* _WHAT TO WORK ON_: No line before the one holding "Starbucks Florida Keramik" is to be copied; that line and all after it, through the end of the listing, are returned exactly, minus pictures.

* _RECORDED DATA_:

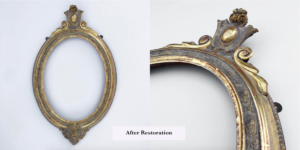 ornamental gilded oval picture frame after restoration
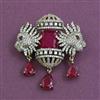 American Diamond Classic Brooch with Mehndi Plating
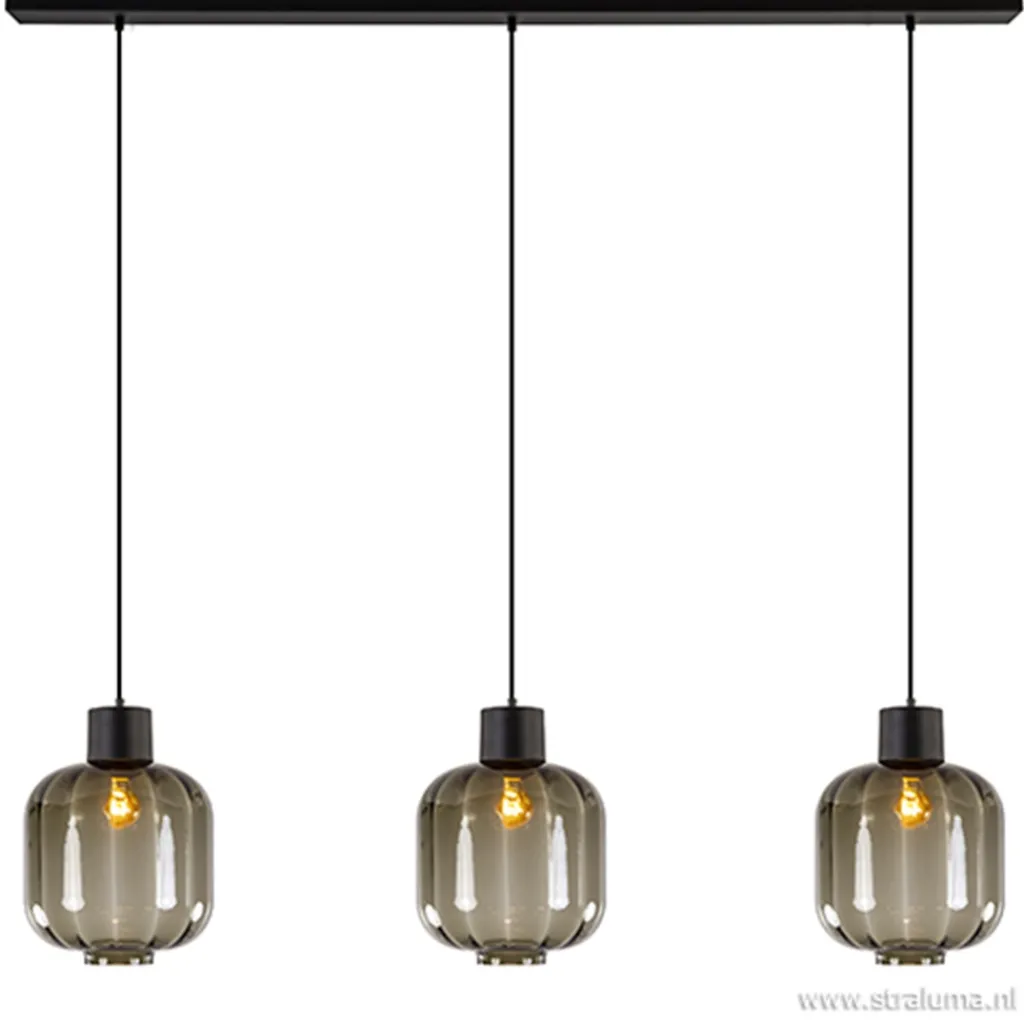 Straluma Glazen eettafelhanglamp zwart luxury> Pendel Lampen|Keukenverlichting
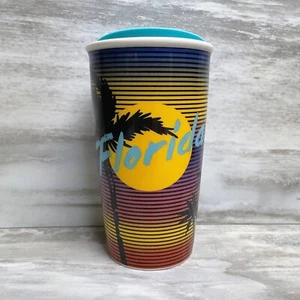 Starbucks Florida Keramik Becher mit Deckel 12 oz Travel Cup Palm Tree Beach Neu ohne Etikett - Bild 1 von 7
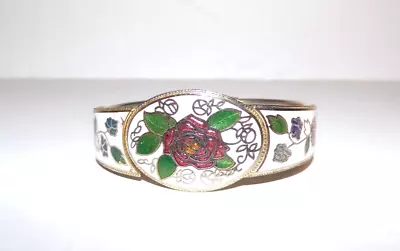 Chinese Cloisonne Bracelet Hinged Cuff Gold Tone White Enamel Floral Rose VTG • $16.99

* _RESULT BELOW_:
 Starbucks Florida Keramik Becher mit Deckel 12 oz Travel Cup Palm Tree Beach Neu ohne Etikett - Bild 1 von 7
 Chinese Cloisonne Bracelet Hinged Cuff Gold Tone White Enamel Floral Rose VTG • $16.99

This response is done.